Activity — In the listing below, find the line with "ipad asian girl ipad asian girl" and the line with "非物质文化遗产促旅游高质量发", then return them and every line between them exactly, minus the pictures.

Source data —
────
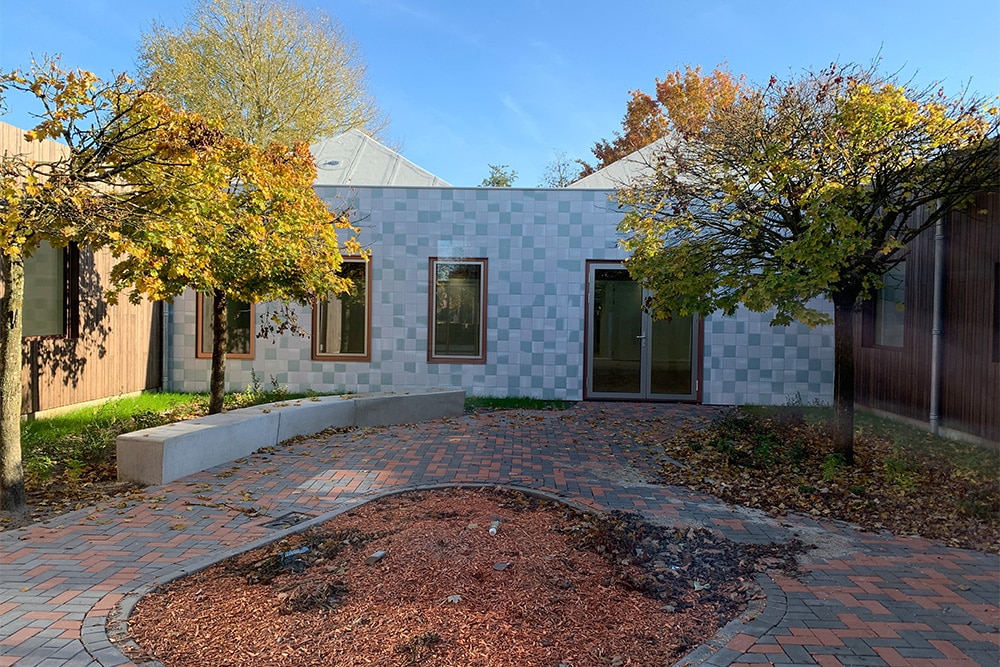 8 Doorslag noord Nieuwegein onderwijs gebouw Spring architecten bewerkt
────
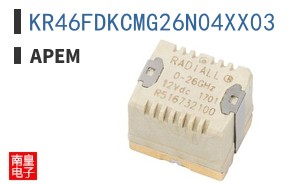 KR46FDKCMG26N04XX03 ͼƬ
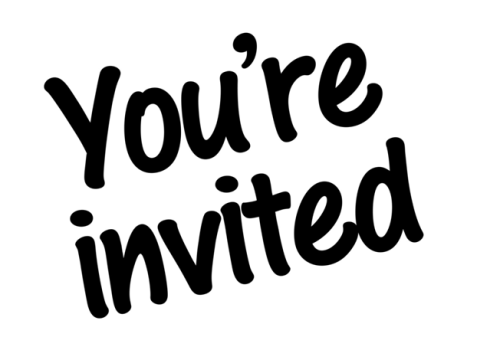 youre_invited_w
────
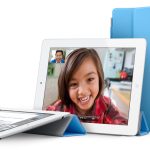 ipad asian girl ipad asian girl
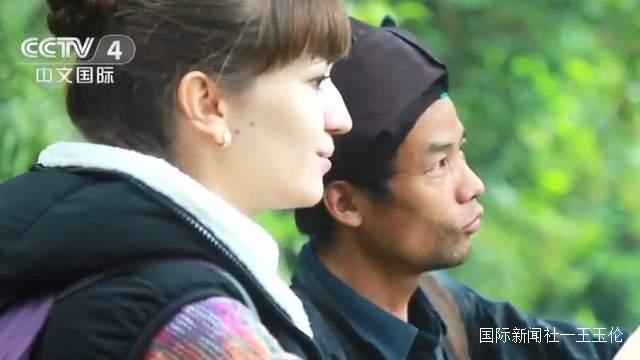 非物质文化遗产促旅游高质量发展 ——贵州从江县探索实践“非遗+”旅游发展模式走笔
────
Task result —
 ipad asian girl ipad asian girl
 非物质文化遗产促旅游高质量发展 ——贵州从江县探索实践“非遗+”旅游发展模式走笔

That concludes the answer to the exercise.